Much more of the credit has to go to Gillian Jacobs and her willingness to commit to the character. From the Me So Hungy dance (and its quasi call-back in the Me So Christmas dance) to deadpanning every line about being a psych major, Jacobs has executed her lines with comedic  timing that has verged on inconceivable. The pride in her voice when she announces that she can alter the crime scene photo to wild west colors.  The honest inquiry when she asks if Abed’s plan has to do with regionals. The comedy on Community usually requires a precise inflection. Whatever was asked for this year, Jacobs delivered.
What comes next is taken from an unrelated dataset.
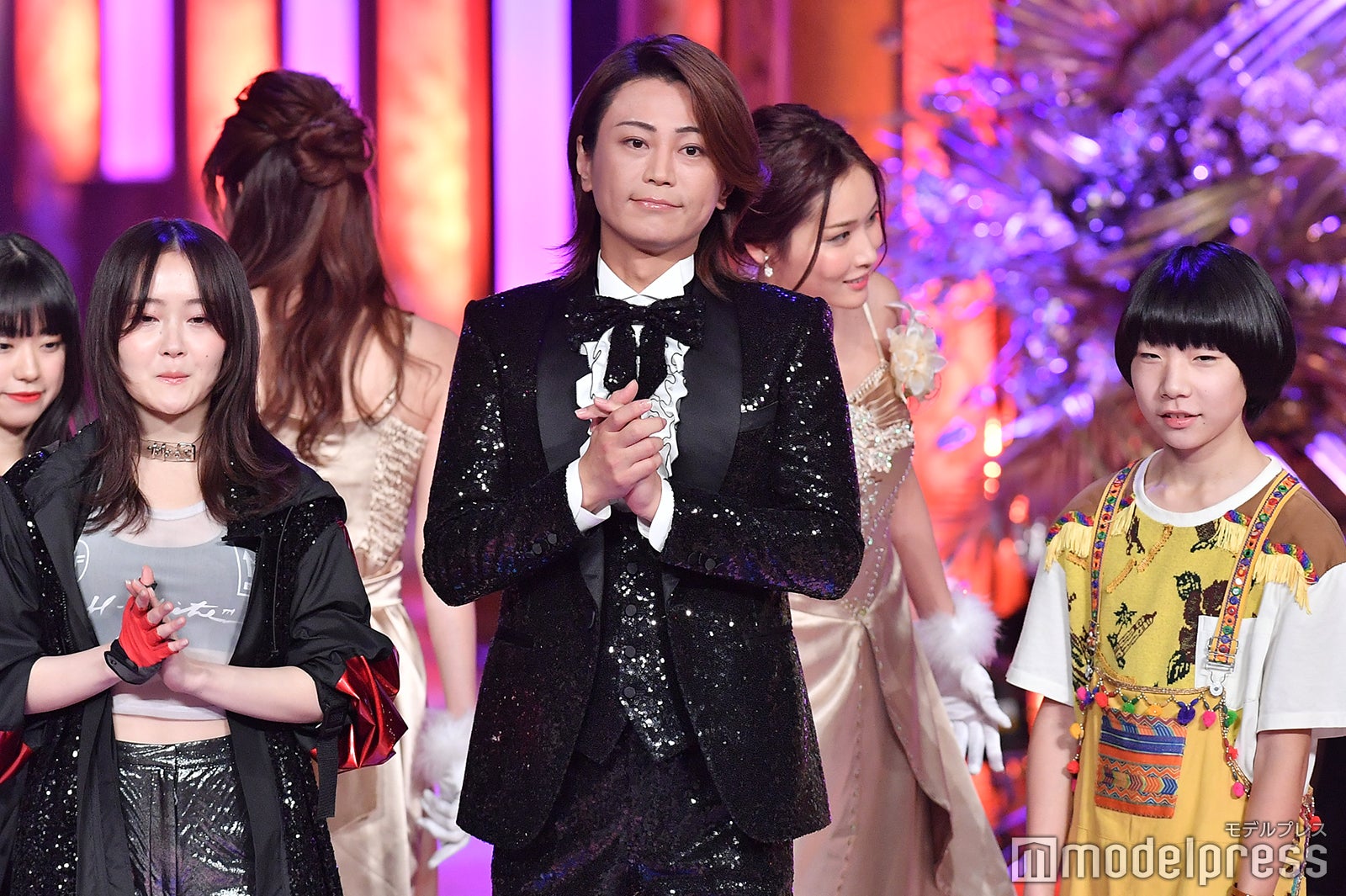 オープニング （C）モデルプレス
And like the aforementioned dance, it hasn’t just been the dialogue that has set Britta apart this season. The awkward hug she exchanges with Troy while filming the dean’s commercial was fantastic. The constant peering over the shoulder of the psychiatrist while taking notes was one of the funnier moments of this season or any. I could go on mentioning moments indefinitely but we all saw this season of Community. It wouldn't be tough to argue that over the course of the year, Britta Perry gave us more than any other character on TV.